Bernd : I use samples. That’s right. But I am not this kind of “sample-freak”, who runs with microphones and headphones through the nature to catch the unique sounds of whatever. The sounds of today are so perfect that you never could create better versions of them. For example piano samples. Only playing a real piano is more “original”. But how many pianos which a unique sound does exist? Every good instrument sounds different from the other ones. I want to make music and I use sounds. I try to find the right sound for the right moment. The only wish I have is to return sometimes to the so called old, original sounds. For example of old string synthesizers. They never sounded like a real string orchestra. How could they? But listening to them brought you to another impression; another imagination of something that sounded like a “string-orchestra”. That was the charm on that thing and that was the charm of the early electronic music we still love today. These sounds stimulated your fantasy more than the perfect copies of the original. I would like to bring some of these “fantastic” sounds back again.

M. : Does the keyboard influence your music or is it vice-versa that the music dictated which keyboards to use?
Bernd : You could also exchange “keyboard” with “sound”. Sometimes I have an idea because of an interesting sound and sometimes I have a musical idea and look for the perfect sound as long as it finally fits together. The process of creation works in both directions.

M. : I know it's another classical question but, what instrumentation are you using nowadays?
Bernd : Well, I don’t like to talk too much about my instruments because they often change and at least they are only (sometimes beautiful) tools. Of course I use Roland Synthesizers as well as an old organ from Yamaha, or a Moog Voyager for example. My newest “baby” is the GenoQs Octopus sequencer. An unbelievable machine.
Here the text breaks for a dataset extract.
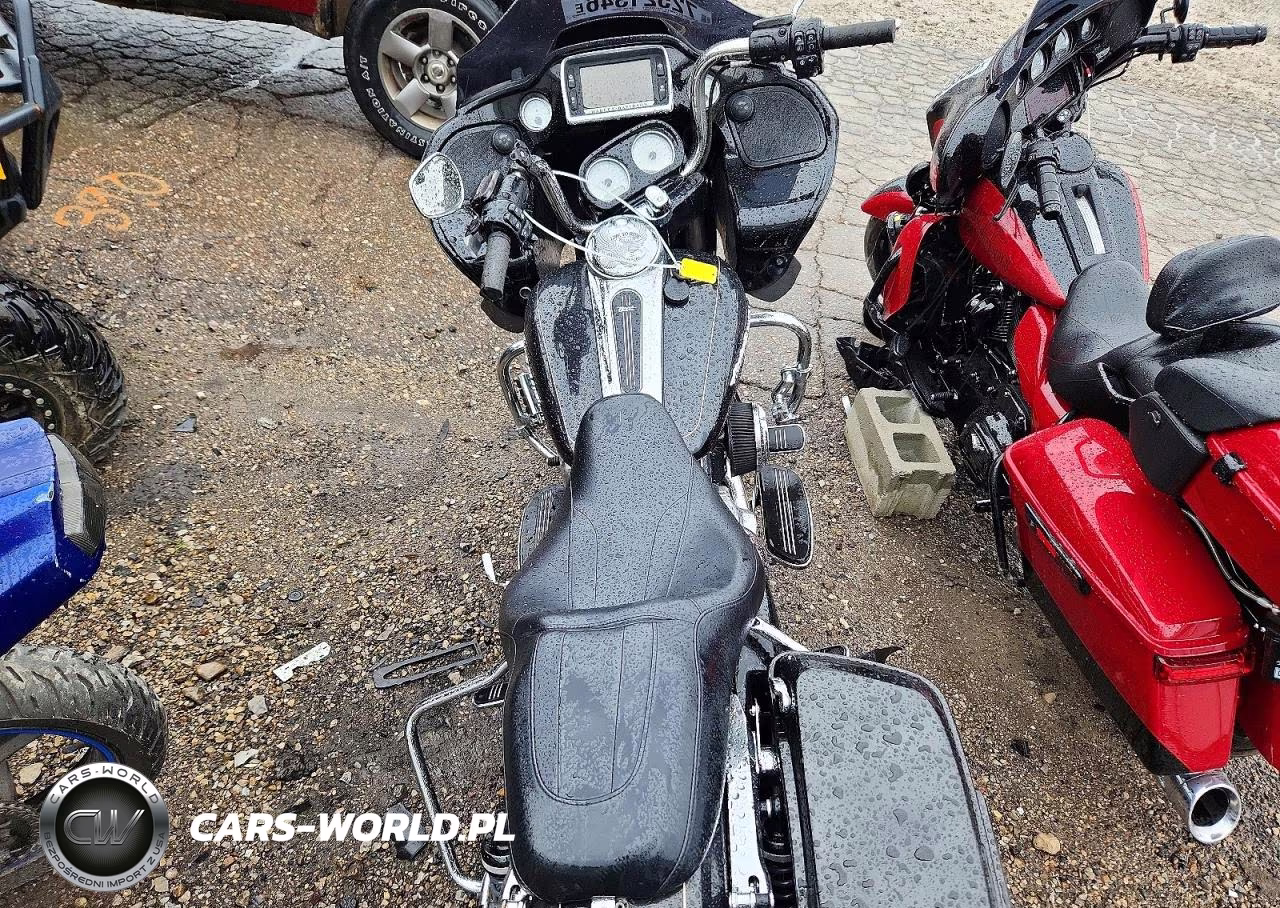 2016 Harley-Davidson Fltrxs Road Glide Special VIN:1HD1KTM12GB648410 - 6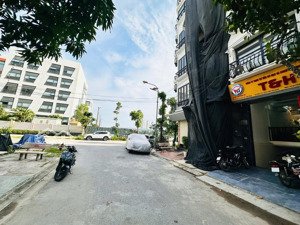 cần bán gấp nhà 7 tầng có thang máy hạ chào 200 triệu giá mới chỉ 11.8 tỷ khu tdc xuân phương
Telling you these names is only possible because I do not have an endorsement deal with the mentioned companies. So please believe me that there is no commercial interest behind. Just my love for some tools…

© B.K.

I'm happy to see that the Electronic Music scene has woken up again

M. : I'm very interested to know in which ways the GenoQs Octopus helps you today and, if it does, in which ways does it influence your composing process?
Bernd : This is a very technical question and I don’t know if all of your readers want to hear so much about but this. But in short: the Octopus is a new hardware sequencer which was developed by the Germans Gabriel Seher and Marcel Achim approx. 2 years ago. Both are also the heads of GenoQs, the company who sell this machine. The sequencer is very complicate to understand and if you look deeper inside you’ll maybe see the most complicate and the most versatile instrument in the world (at the moment). You can describe it as hardware based software sequencer with unbelievable possibilities. Once understood you can start to “play” with it and you can create interesting structures with each Synthesizer which can be controlled by MIDI. After years of working with software sequencers I wanted to return to my roots and looked for actual hardware solutions. I was not looking for a Moog or ARP copy but something new and interesting. I found the Octopus. A real beauty and unbelievable expensive. Very sophisticated.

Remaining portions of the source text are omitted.